Provided data:
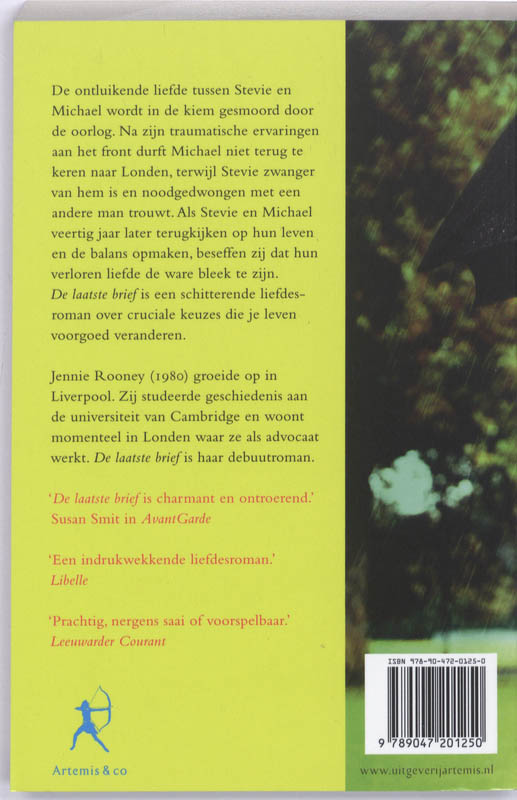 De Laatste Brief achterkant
---
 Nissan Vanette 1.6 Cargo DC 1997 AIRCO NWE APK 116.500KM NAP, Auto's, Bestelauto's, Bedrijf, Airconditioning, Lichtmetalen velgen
--
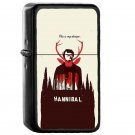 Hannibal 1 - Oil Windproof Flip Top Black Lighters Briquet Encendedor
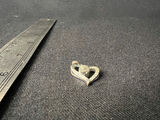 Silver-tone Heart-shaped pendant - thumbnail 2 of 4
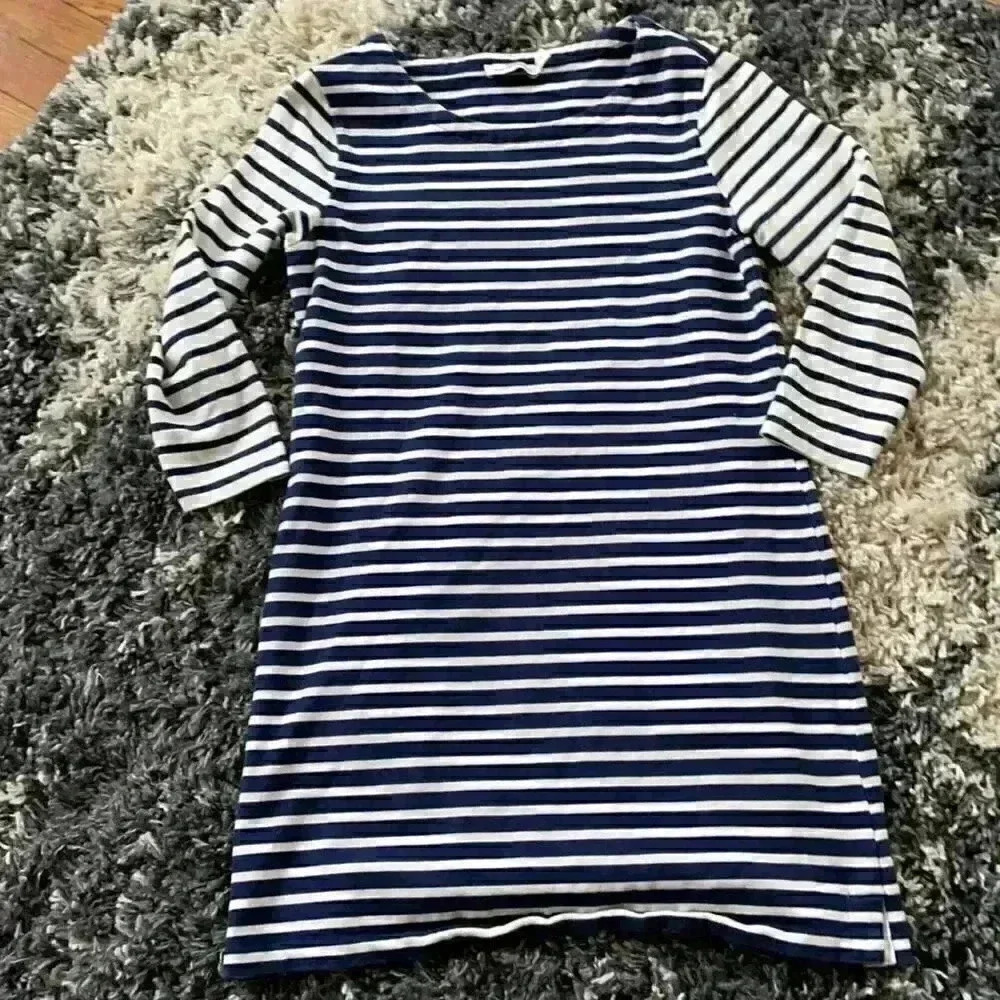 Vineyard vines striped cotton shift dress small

Prompt: Using the data above, return the lines from the one holding "Hannibal 1 - Oil" through the one holding "Vineyard vines striped cotton" exactly, but not the pictures.

Solution to the problem:
 Hannibal 1 - Oil Windproof Flip Top Black Lighters Briquet Encendedor
 Silver-tone Heart-shaped pendant - thumbnail 2 of 4
 Vineyard vines striped cotton shift dress small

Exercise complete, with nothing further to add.